**DATA**
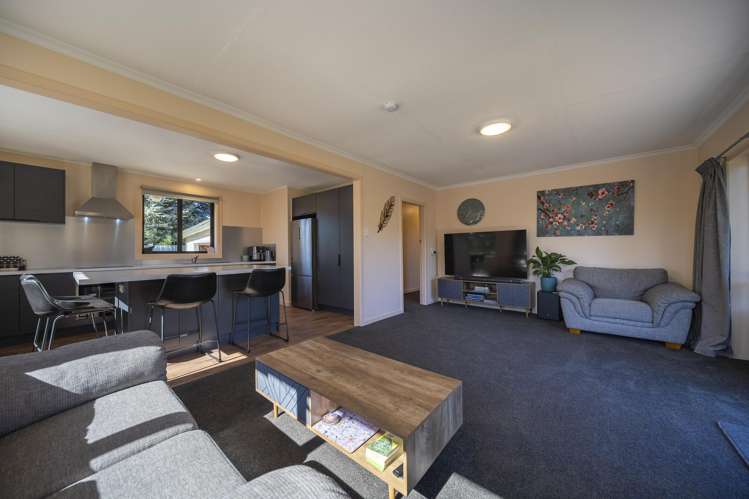 10 Eglinton Place Te Anau_6
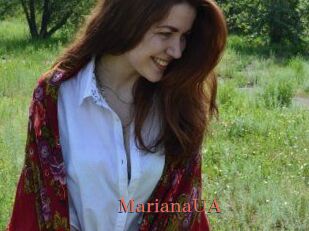 Mariana_UA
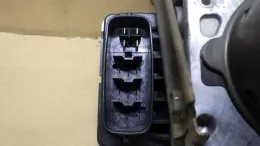4405052150 Toyota ABS control unit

**PROBLEM STATEMENT**
Copy the data word for word, no pictures.

**SOLUTION**
 10 Eglinton Place Te Anau_6
 Mariana_UA
4405052150 Toyota ABS control unit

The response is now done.